The task => All of the data, word for word and free of pictures, is the expected result.

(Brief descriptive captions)
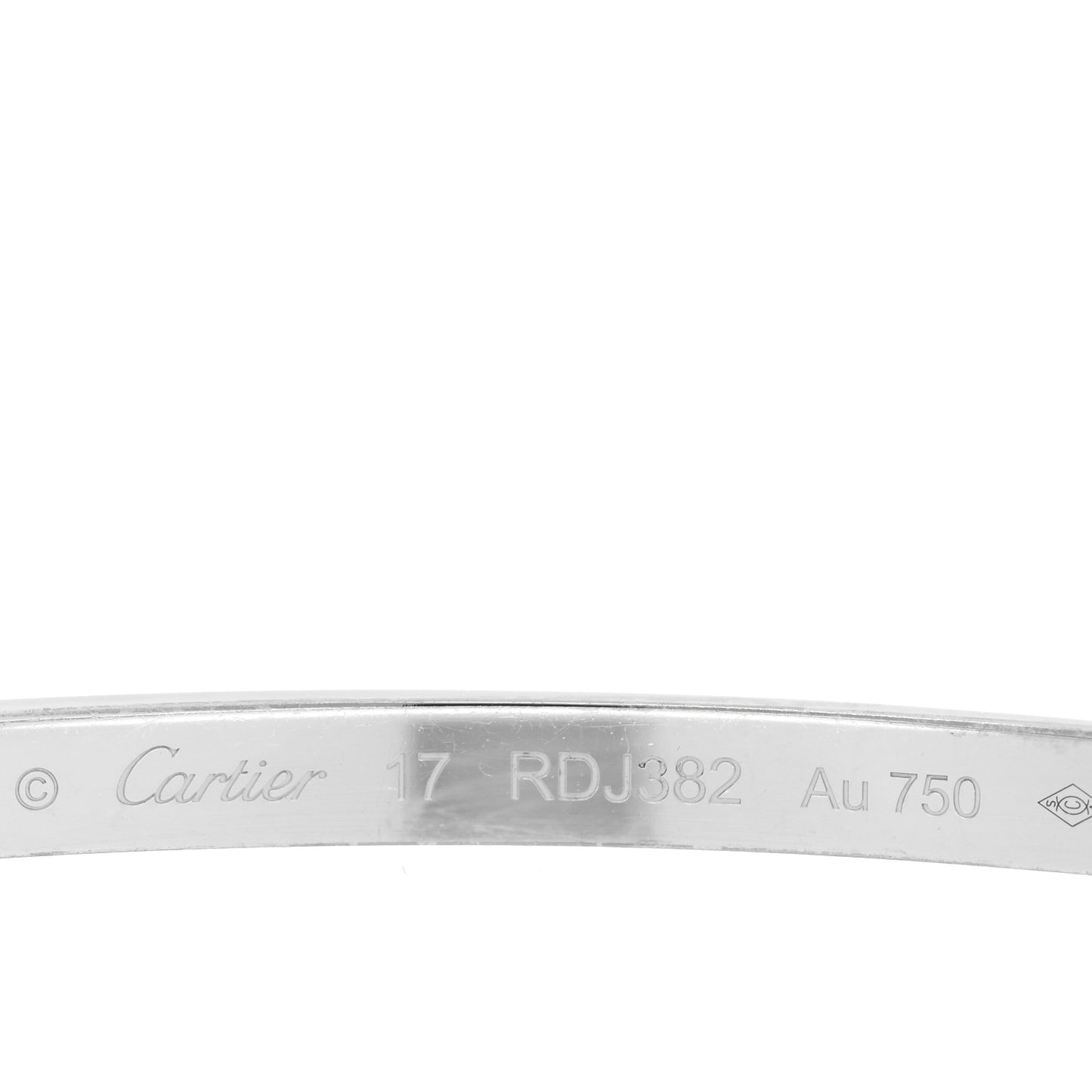 18K White Gold 6 Diamond Small LOVE Bracelet 17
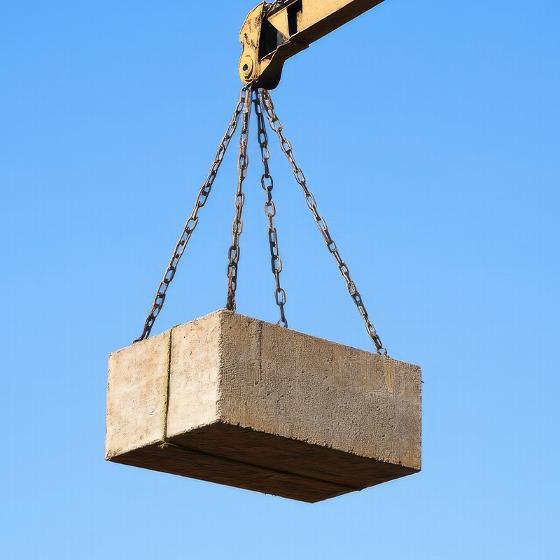 A construction site with a crane lifting metal beams from a flatbed truck while a clear blue sky with clouds is visible in the background showcasing the industrial setting with eight metal beams laid out on the ground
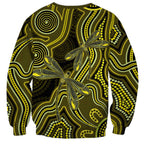 Yellow Indigenous Dragonfly Australia Sweatshirt Aboriginal Art - Aussie Hoodie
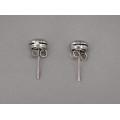 Cercei studs din aur alb 18k decorați cu diamante naturale 0.12 ct | Italia cca 1945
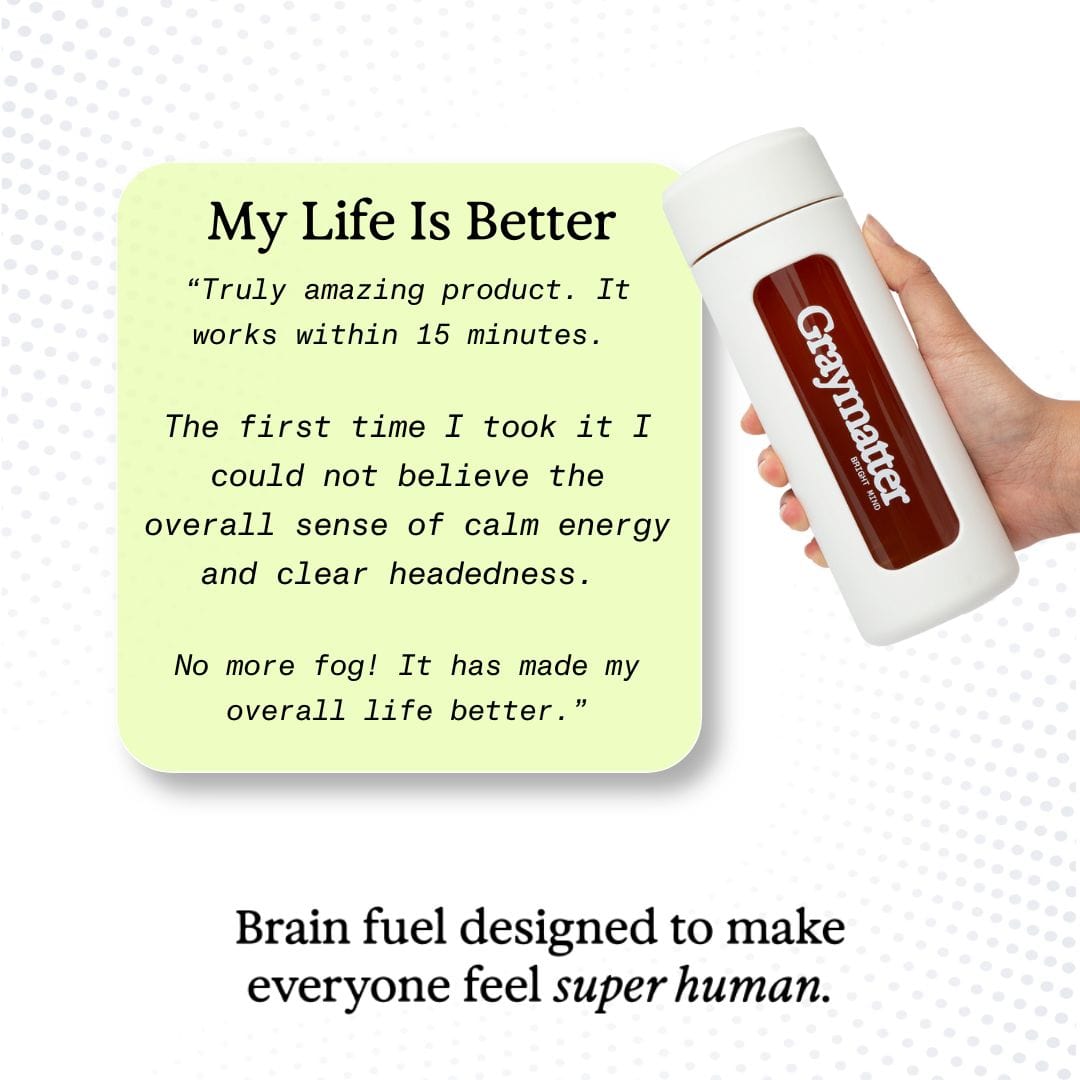 "Graymatter brain fuel product with customer testimonial and benefits description."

Solution for this exercise =>
 18K White Gold 6 Diamond Small LOVE Bracelet 17
 A construction site with a crane lifting metal beams from a flatbed truck while a clear blue sky with clouds is visible in the background showcasing the industrial setting with eight metal beams laid out on the ground
 Yellow Indigenous Dragonfly Australia Sweatshirt Aboriginal Art - Aussie Hoodie
 Cercei studs din aur alb 18k decorați cu diamante naturale 0.12 ct | Italia cca 1945
 "Graymatter brain fuel product with customer testimonial and benefits description."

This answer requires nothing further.